After an interesting and hotly debated journey through parliament “Employee Shareholders” became a legal reality on 1 September 2013.
This means that employers have the choice of offering their employees a stake in their business in return for the employee agreeing to waive some key employment rights. The employee must receive at least £2,000 worth of shares, subject to a written agreement setting out the rights attached to the shares and the employment rights they are waiving, which includes the right to claim unfair dismissal and the right to a redundancy payment. The employees must also receive legal advice on the arrangements at the employer’s expense.
The rules are rather detailed and we would recommend that any businesses looking to use these provisions take legal advice.
In addition there is a guide for employees here.
A guide from HMRC on the tax issues here.
And the Employee Ownership Association’s website has lots of useful information here.
According to the Employment Appeal Tribunal an employer does not need to allow workers, who are unable to take holiday due to sickness, to carry over any holiday in excess of the four week European minimum. This means that the 1.6 weeks (or 8 days) of holiday that employees in the UK are entitled to (which usually takes account of the bank holidays) in addition to the four weeks European minimum cannot be carried over to the next leave year.
This is a departure from the understanding from recent cases the suggested all of the 5.6week entitlement should be carried over. It has been well established under European law that workers have to be able to carry over paid annual leave if they were unable to take it because of sickness absence. However, this decision confirms that these rules do not apply to the 8 days’ additional entitlement and therefore an employee who has been absent due to long term sickness has no right to carry over the additional 8 days unless there is a contractual agreement to the contrary.
It will remain important to clarify holiday entitlement in contracts of employment, but in the absence of any contractual entitlement, employers do not need to let staff, who have been prevented from taking holiday due to long term sickness, carry forward more than 4 weeks of their holiday entitlement. It follows that if an individual’s contract of employment is terminated, any payment due in lieu of holiday can be limited to 4 weeks where the contract does not confirm a different entitlement.
Should voluntary overtime be taken into account when calculating statutory holiday pay? Yes according to an employment tribunal to ensure the UK is consistent with European legislation relating to the calculation of statutory holiday pay, although, as with the case above, this may only apply to the first four weeks of leave.
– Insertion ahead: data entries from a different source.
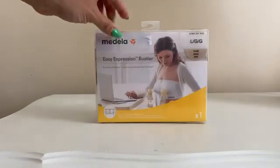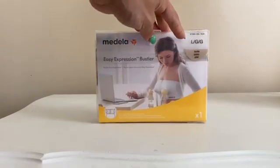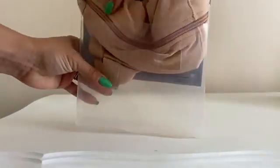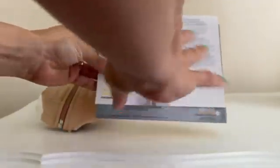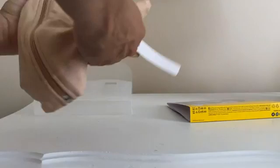Here is the Medela Easy Expression Bustier. I got it in the color nude in size large. It comes in this package, you just open right here, and it comes with the bustier and also some paperwork and instructions on how to use it and the different sizes.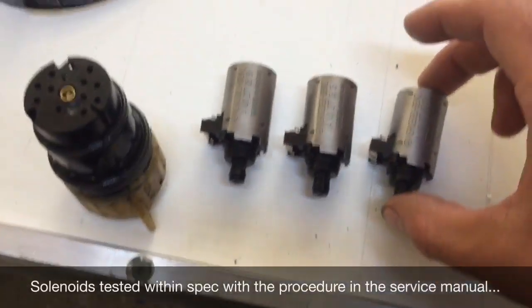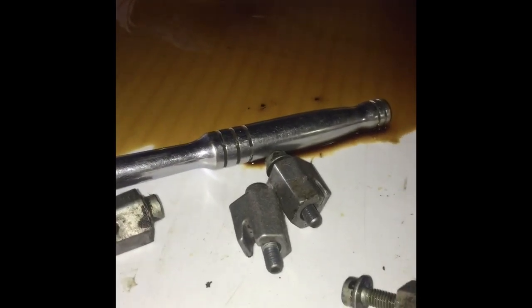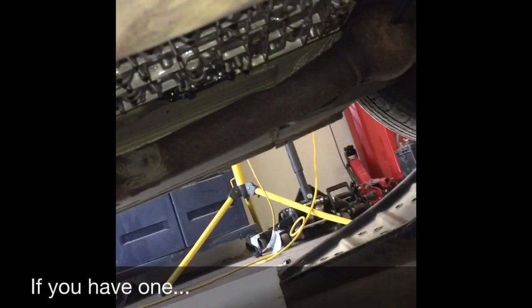Doing this job without a hoist is quite awkward. To remove the oil pan there are six T30 bolts with little brackets on them. No matter how hard you try you can't do this without spilling some oil, so first drain the oil through the drain plug, plug it back up, then remove the oil pan very carefully because there's still oil left in there. Your valve body is here and the conductor plate sits on top of it.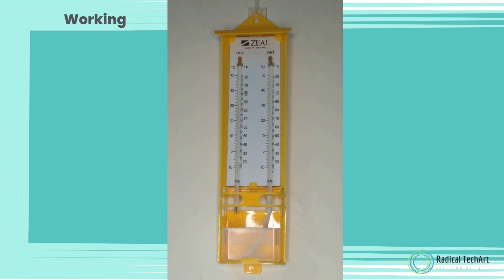Once the temperature on the wet bulb thermometer has stabilized, record the temperature shown on the wet bulb thermometer. Use a psychrometric chart or online calculator to find the relative humidity using the two temperature readings.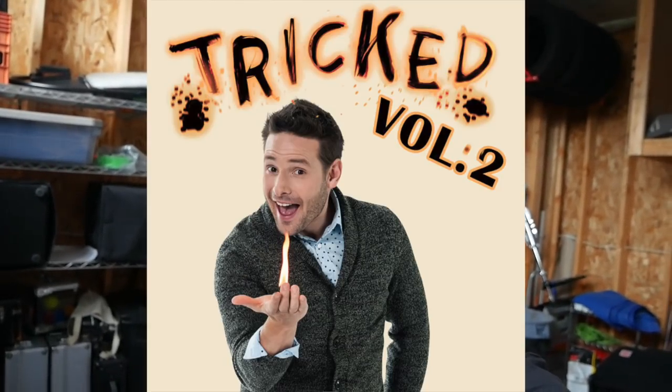Oh hello everybody! Today I'm going to show you how to hook up a keg to a kitchen sink. I'm at my buddy Eric LeClaire's house — he's not here, I got the keys. Me and Chris Ramsey are playing a little prank on Eric. Go to Chris's channel to check that out. What I'm focusing on is turning his sink into a beer tap.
As this was an employment tribunal decision, a determination by the Employment Appeal Tribunal or a higher court is needed to confirm this is legally binding, but employers who pay staff who volunteer for overtime should consider taking into account their overtime pay when calculating holiday pay. In addition, employers who have a significant number of employees who work voluntary overtime that could benefit from more holiday pay may want to consider restricting overtime or giving staff time off in lieu instead of overtime pay.
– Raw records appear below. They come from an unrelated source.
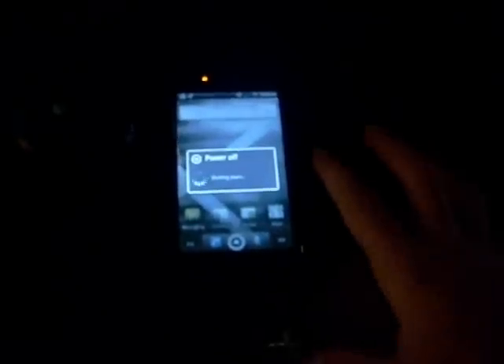I'm going to power down. Power off. Now pushing the volume down and the power button, I'm going to go into recovery.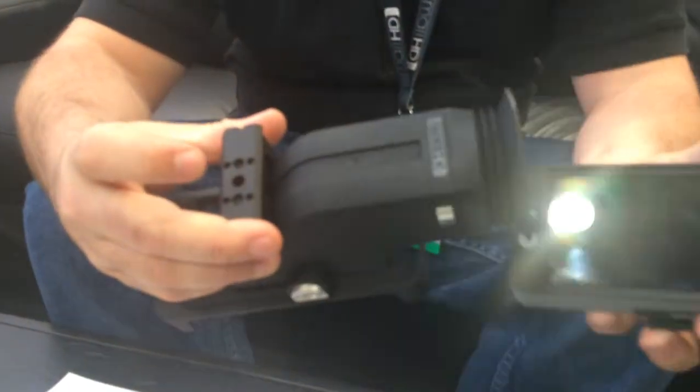The new thing announced this year at NAB is the 502 monitor and the Sidefinder EVF attachment, which is right here. They're two separate products — the 502 monitor, and then you can buy it as a viewfinder, the Sidefinder.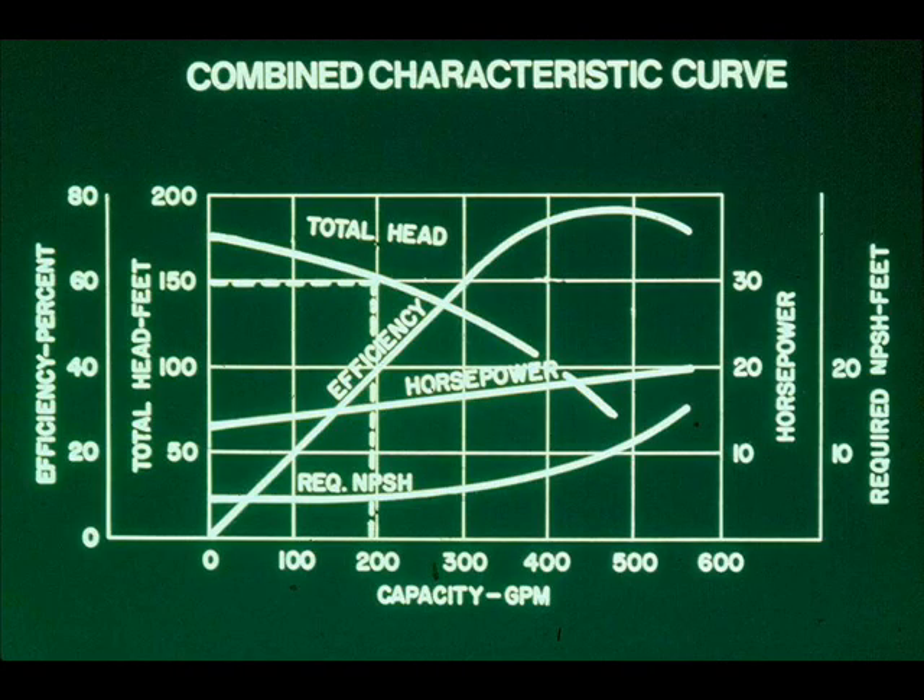Suppose the total head increases to 150 feet. Then either pump, working alone at this head — if they are identical — has a capacity of only 200 GPM. Pumping in parallel, their combined capacity is 400 GPM.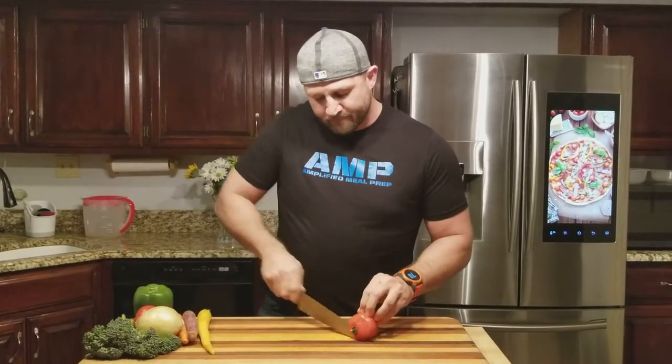First thing you want to do, like we've been saying all week, is establish a base. So cut that top off right there and put it on the side.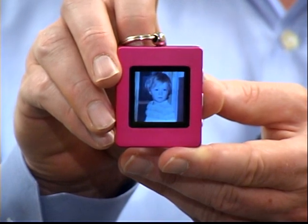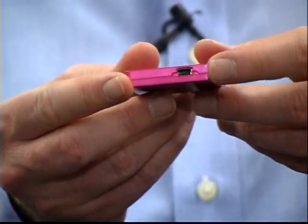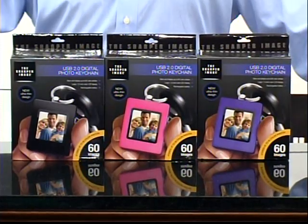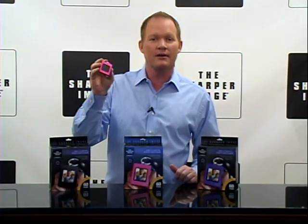It stores up to 60 color photos right into this thing. USB cable recharges the battery and is used to transfer photos to the keychain, and we've got it in three colors. It comes in black, pink, and purple. You got to pick one of these up.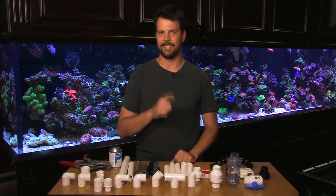Hi, welcome to another episode of Vivid Aquariums TV. I'm Dave and today I'm going to talk to you about plumbing parts that you'd use in plumbing an aquarium. Look at this video as a prerequisite to future plumbing videos to come. Now let's get started.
The employer in this case has now filed an appeal with the Employment Appeal Tribunal….
HSE (the Health and Safety Executive) has published new guidance specifically for employers who take on work experience students.
In summary employers should generally treat the management of risk for work experience students no differently from risk management for other young people and employers’ should ensure that their existing liability insurance policies cover work placements, which generally should be the case where the insurer is a member of the Association of British Insurers.
See the guidance here.
In addition to the changes detailed in last month’s update to tribunal fees and settlement agreements, there have also been changes introduced to the rules for charging interest on tribunal awards effective from 29 July 2013.
In summary, interest on tribunal awards will now accrue from the day after the day the case is decided, unless the full amount awarded is paid within fourteen days. The rate of interest on an unpaid tribunal award remains at 8%. In discrimination cases, tribunals have the power to award interest on a claimant’s losses as part of the compensation for discrimination up to the date of judgment. This is now at the rate of 8% for discrimination claims presented on or after 29 July 2013.
Please note that these comments are intended to summarise some of the employment issues of the moment, not to provide detailed legal advice, so if you need assistance with any employment issues you may have please contact Julie Taylor on: 01635 508181 or [email protected]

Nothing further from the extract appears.